Defining Success: Business Metrics vs. ML Metrics

Explore how to distinguish business metrics like revenue and engagement from ML metrics such as precision and recall. Understand how to align these metrics effectively to ensure ML models deliver real business value. This lesson helps you reason through metric selection, validate proxies, and recognize failure modes in metric alignment for scalable ML system design.

We'll cover the following...

Business metrics in ML systems
ML metrics and what they measure
Aligning ML metrics to business goals
- The three-step alignment framework
  - Example A: Video recommendations and engagement
  - Example B: Fraud detection and revenue protection
When ML metrics give away business goals
Conclusion

A recommendation team at a streaming platform ships a new ranking model after months of development. Offline evaluation shows an 8% improvement in NDCG. The team celebrates. Two weeks after launch, subscriber retention drops by 1.5%. Leadership pulls the model. What went wrong? The model was optimized for a metric that did not reliably proxy the business outcome it was supposed to serve. This is the metric alignment problem, and it is the single most common disconnect exposed in ML system design interviews at L5 and above.

With the functional and non-functional requirements defined in the previous lesson, the next critical step is to specify what success looks like for the system. That specification lives in two distinct metric families: business metrics, which capture the outcomes the product exists to deliver, and ML metrics, which capture how well the model performs its prediction or ranking task. This lesson defines each family, shows how to map between them, and identifies the failure modes where that mapping breaks down.

Business metrics in ML systems

Business metrics measure the outcomes that product, leadership, and business stakeholders track to evaluate whether the system is delivering product or business value. They are usually measured at the population level over longer time horizons, such as days, weeks, or quarters, and help justify continued investment in the ML system. Several business metrics appear repeatedly in ML system design interviews, along with one composite metric that combines multiple business outcomes.
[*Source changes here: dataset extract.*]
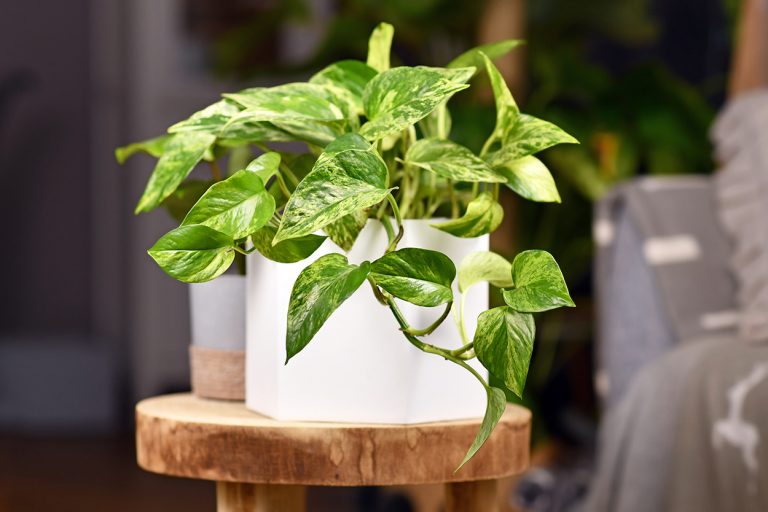 A Total Care Guide for Pothos Plants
Revenue measures the direct monetary outcome of the system, expressed as revenue per user, average order value, or ad revenue per impression. Ads ranking, e-commerce search, and dynamic pricing systems all optimize toward revenue targets.
Engagement captures user interaction intensity through signals like clicks, time spent, and sessions per day. Feed ranking and video recommendation systems, such as YouTube or Instagram, treat engagement as their primary business objective.
Retention tracks whether users return over time, measured as Day-1, Day-7, or Day-30 retention rates, or inversely as churn rate. Subscription products and platforms with network effects depend heavily on retention.
NPS (Net Promoter Score) is a survey-based measure of user satisfaction and likelihood to recommend the product. It serves as a lagging indicator of product quality and is typically measured quarterly.
Customer lifetime value (CLV) is a composite metric that integrates revenue and retention into a single estimate of the total monetary value a user generates over their relationship with the product. Marketplaces and subscription businesses use CLV to evaluate long-term system impact.

Note: Business metrics are not owned by the ML team. They are set by product and leadership. The ML team’s job is to move them through model improvements validated by A/B testing.
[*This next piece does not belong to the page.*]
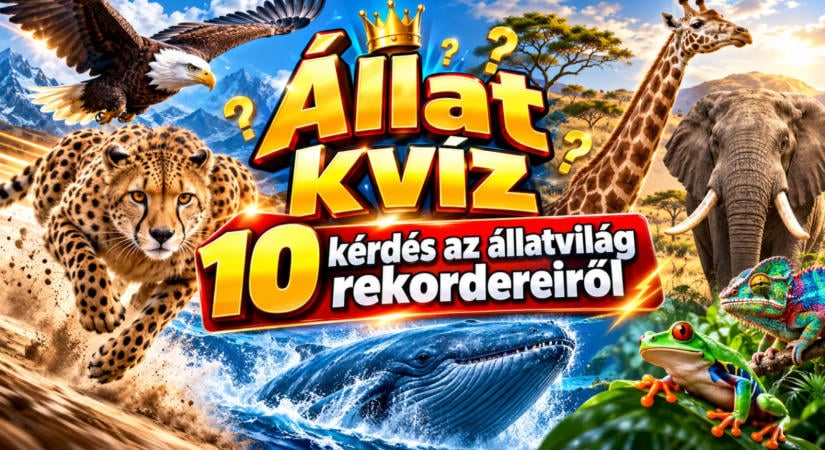 Állat kvíz: 10 kérdés az állatvilág rekordereiről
The following table summarizes these metrics with their typical ML system contexts and measurement horizons.

Key Business Metrics for ML Systems

Business Metric	Definition	Typical ML System	Measurement Horizon	Example Target
Revenue	Monetary outcome	Ads ranking, e-commerce search	Weekly/Monthly	+2% revenue per session
Engagement	Interaction intensity	Feed ranking, video recommendations	Daily/Weekly	+5% average session duration
Retention	User return rate	Subscription platforms, social networks	7-day/30-day	Reduce 30-day churn by 1%
NPS	User satisfaction score	Any user-facing product	Quarterly	Maintain NPS above 50
CLV	Lifetime monetary value per user	Marketplace, subscription	Quarterly/Annual	+3% average CLV

With business metrics defined, the next step is understanding the ML metrics that models actually optimize during training and evaluation.
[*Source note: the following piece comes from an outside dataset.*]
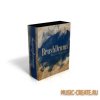 Wavesfactory - BrushDrums (KONTAKT) - библиотека звукоа драм установки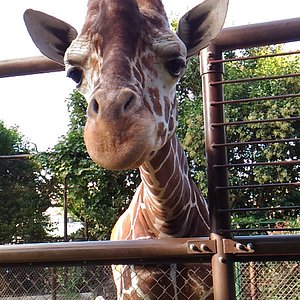 横浜市の動物園 水族館 ベスト10 トリップアドバイザー 横浜市の動物園 水族館 ベスト10 トリップアドバイザー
ML metrics and what they measure

ML metrics quantify model performance at the prediction or query level. They are computed during offline evaluation and monitored during A/B tests. Unlike business metrics, they are owned by the ML team and operate on individual predictions rather than population-level outcomes. Five ML metrics appear most frequently in system design interviews.

Precision is the fraction of positive predictions that are actually correct, calculated as $\text{Precision} = \frac{TP}{TP + FP}$ . It matters most when false positives are costly, such as in spam filtering or fraud detection where blocking a legitimate user has direct business consequences.
Recall is the fraction of actual positives that the model captures, calculated as $\text{Recall} = \frac{TP}{TP + FN}$ . It matters most when missing a positive is dangerous, such as in fraud detection or content moderation where a missed case causes direct harm.
AUC (Area under the ROC curve) measures the ranking quality of a binary classifier across all decision thresholds. A model with higher AUC assigns higher scores to positive examples more consistently. AUC It is widely used in CTR prediction and fraud scoring.
NDCG (Normalized discounted cumulative gain) evaluates ranked list quality by weighting relevance scores with a position-based discount. NDCG It is the standard offline metric for search and recommendation systems.
RMSE (Root mean squared error) measures the magnitude of prediction errors for regression tasks, calculated as $\text{RMSE} = \sqrt{\frac{1}{n}\sum_{i=1}^{n}(y_i - \hat{y}_i)^2}$ . It is used in ETA prediction, demand forecasting, and pricing systems.

These metrics are proxies. They approximate business value but do not guarantee it.

The diagram below illustrates the relationship between the two metric families and highlights where alignment gaps can emerge.

Understanding both families sets up the most important skill tested in senior-level interviews: reasoning about how to connect them.

Aligning ML metrics to business goals

This is where junior answers diverge from senior ones. A junior candidate picks an ML metric because it is standard for the task type. A senior candidate derives the ML metric from the business objective and validates the proxy relationship. The alignment process follows a three-step reasoning chain.

The three-step alignment framework

Each step builds on the previous one, forming a chain of reasoning that interviewers expect to hear articulated explicitly.

Step 1 (Identify the business objective): Ask what the product team cares about most. Is it revenue, engagement, retention, or user safety? This determines the direction of the entire design.
Step 2 (Select the ML metric that serves as the best proxy): Choose the measurable model-level quantity that most reliably correlates with the business objective. This is not always the most obvious metric for the task type.
Step 3 (Validate the proxy relationship): Determine whether improving this ML metric actually improves the business metric, or whether the two can diverge. A/B testing is the ultimate validation mechanism: offline ML metric gains must be confirmed against online business metric movement.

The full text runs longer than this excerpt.